He was choirmaster of Ely Cathedral from about 1543 and also organist there from 1559. The title page to Tye's Actes of the Apostles (London 1553) describes him as one of the Gentlemen of his grace's most honourable chapel, and he may have been music teacher to King Edward VI, who reportedly quoted his father, Henry VIII, as saying England hath one God, one truth, one doctor hath for music's art, and that is Doctor Tye, admired for skill in music's harmony.

Tye remained at Ely under the reign of the Catholic Queen Mary despite his apparent Protestant leanings. In 1560 or 1561 he resigned his post at Ely and took holy orders, becoming Rector of Doddington, Cambridgeshire. He died in 1572 or 1573, apparently still active under Elizabeth, for Anthony Wood relates that

Dr Tye was a peevish and humoursome man, especially in his latter dayes, and sometimes playing on ye Organ in ye chap. of qu. Elizab. wh. contained much musick, but little of delight to the ear, she would send ye verger to tell him yt he play'd out of Tune: whereupon he sent word yt her ears were out of Tune.

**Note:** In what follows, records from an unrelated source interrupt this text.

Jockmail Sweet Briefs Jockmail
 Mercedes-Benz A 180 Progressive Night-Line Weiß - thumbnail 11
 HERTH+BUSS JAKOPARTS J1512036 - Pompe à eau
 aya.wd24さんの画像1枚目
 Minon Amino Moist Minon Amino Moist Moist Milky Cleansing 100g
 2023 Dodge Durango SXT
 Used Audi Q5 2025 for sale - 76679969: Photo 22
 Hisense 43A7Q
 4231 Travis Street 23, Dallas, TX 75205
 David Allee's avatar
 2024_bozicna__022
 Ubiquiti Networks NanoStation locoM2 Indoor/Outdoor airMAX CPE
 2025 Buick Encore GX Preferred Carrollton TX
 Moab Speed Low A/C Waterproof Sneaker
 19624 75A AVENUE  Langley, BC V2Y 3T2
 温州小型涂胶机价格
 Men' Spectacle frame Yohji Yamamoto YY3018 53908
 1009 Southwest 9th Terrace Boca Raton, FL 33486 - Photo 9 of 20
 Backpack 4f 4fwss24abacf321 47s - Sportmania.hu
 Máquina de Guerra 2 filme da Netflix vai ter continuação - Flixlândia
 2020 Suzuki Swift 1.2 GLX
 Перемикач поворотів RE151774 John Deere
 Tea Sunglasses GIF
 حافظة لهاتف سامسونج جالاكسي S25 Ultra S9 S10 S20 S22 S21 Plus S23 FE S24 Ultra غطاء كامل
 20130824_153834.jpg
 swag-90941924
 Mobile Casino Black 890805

Tye's Latin church music includes masses (notably one based on the song "The Western Wynde", also the basis of masses by John Taverner and John Sheppard) and psalm settings. He also composed works in English for the Church of England, including services and anthems, and pieces for consorts of viols, including over twenty In Nomines.

See also

External links


 
 
Learn More
anthem (in music)
Early Music (Lachrymae Antiquae) (1997 Album by The Kronos Quartet)
Christopher Tye: Latin & English Church Music (Classical Album)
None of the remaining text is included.